Anyone who's ever covered the kitchen table with oilcloth and made a big, huge mess or tried to make an art studio in a backyard shed will thrill to discover the Art Pad. Located in an old stone house with hardwood floors and near the bakeries, boutiques, and thrift havens of the North Burnet strip, it's a charming, quirky spot for family or solo art-making. In the walk-in mosaic studio, you can bring in your own broken teacups, toy soldiers, and mystery artifacts to craft into a tile landscape of dreams. Staffed by professional artists who adore kids and can inspire grownups, too, you can explore clay, painting, carving, jewelry-crafting, cartooning, and more.
With a gorgeous, decades-old stone swimming pool and an adjacent creek both fed by chilly spring water, how could this privately owned rural swimming hole and campground possibly be more perfect? Well, by attaching a rope to that big ol' tree hanging over the creek so your kids can explore their inner Tarzan.
No matter how brilliant the script or talented the cast, the thought of watching theatre outdoors in the Texas summer – especially with hot, grouchy children – can seem daunting. Fortunately, the perfect foil for triple-digit weather is just across the parking lot – chill your chilluns’ cores in the icy waters of Barton Springs, then warm their souls with great song and dance from Broadway's most tuneful shows. It’s been an Austin tradition for 52 years now, and with family-friendly fare such as Annie, The Music Man, and Disney's Beauty and the Beast, there's a good chance your kids will be bringing their kids another 20 summers from now.

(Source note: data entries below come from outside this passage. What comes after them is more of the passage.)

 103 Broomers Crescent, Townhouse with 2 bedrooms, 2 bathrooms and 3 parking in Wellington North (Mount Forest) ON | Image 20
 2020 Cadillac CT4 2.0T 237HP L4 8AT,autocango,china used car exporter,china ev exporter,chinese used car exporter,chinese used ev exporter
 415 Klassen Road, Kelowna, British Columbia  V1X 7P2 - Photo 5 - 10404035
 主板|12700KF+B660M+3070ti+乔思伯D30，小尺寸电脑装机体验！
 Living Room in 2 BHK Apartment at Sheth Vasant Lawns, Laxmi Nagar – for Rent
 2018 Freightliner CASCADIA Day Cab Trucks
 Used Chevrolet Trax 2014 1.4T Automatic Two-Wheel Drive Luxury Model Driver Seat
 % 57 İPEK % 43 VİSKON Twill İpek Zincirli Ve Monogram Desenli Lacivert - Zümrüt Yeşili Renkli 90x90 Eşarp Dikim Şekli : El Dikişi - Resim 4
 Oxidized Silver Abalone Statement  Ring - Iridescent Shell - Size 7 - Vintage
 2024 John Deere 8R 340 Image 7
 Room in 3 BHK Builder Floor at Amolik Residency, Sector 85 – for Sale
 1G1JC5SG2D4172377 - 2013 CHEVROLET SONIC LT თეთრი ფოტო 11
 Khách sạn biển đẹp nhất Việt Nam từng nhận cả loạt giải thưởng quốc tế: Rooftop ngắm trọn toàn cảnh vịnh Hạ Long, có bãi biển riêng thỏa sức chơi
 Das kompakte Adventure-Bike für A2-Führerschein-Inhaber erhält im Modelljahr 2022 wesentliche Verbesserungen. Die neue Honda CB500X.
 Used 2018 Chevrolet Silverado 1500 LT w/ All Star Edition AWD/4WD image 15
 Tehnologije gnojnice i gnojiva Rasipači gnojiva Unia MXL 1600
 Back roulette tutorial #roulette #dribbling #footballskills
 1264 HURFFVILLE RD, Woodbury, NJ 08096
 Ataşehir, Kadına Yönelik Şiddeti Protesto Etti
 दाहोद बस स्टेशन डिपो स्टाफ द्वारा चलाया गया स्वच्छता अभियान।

Zilker Theatre Productions
2201 Barton Springs Rd.
Overnight, magically, a place is transformed. A red wooden seat and a pair of ropes appear without warning, and the soaring thrill of swinging swoops up, uniting folks in playfulness. Bring the kids; bring Grandma! The Red Swing Project is the vision of a University of Texas grad who prefers to be known only as "Andrew" and bikes around the world pulling a "swing building kit" in his bike trailer. What started as a class design project has bloomed into a gift on four continents, with red swings in Brazil, Thailand, France, India, New Orleans, under overpasses, outside museums, and in abandoned lots and city parks. In Austin, look for red swings at the Festival Beach Community Garden, the HOPE Farmers Market, the old Cafe Mundi site, a tree hanging over Waller Creek, and many more places waiting for discovery.
Red Swing Project
The pointy legs and often-furry bodies stick in our nightmares. Why not walk in their eight shoes for a while? You can thank local video-game developer David Kalina and Tiger Style for the chance via your iPhone and iPad. They didn't make the spider cute and lovable but rather let the eight-legged protagonist be what it is: a flying-pest-eating wunderkind.
Tiger Style Games
We all know nerd is the new cool. How else can you explain Michael Cera's career? Kids between the ages of 9 and 14 form teams under the tutelage of smarty-pant volunteers and set out to create Lego robots the likes of which you likely haven't seen thanks to our good friends science and engineering. What better way to warm up the gray matter?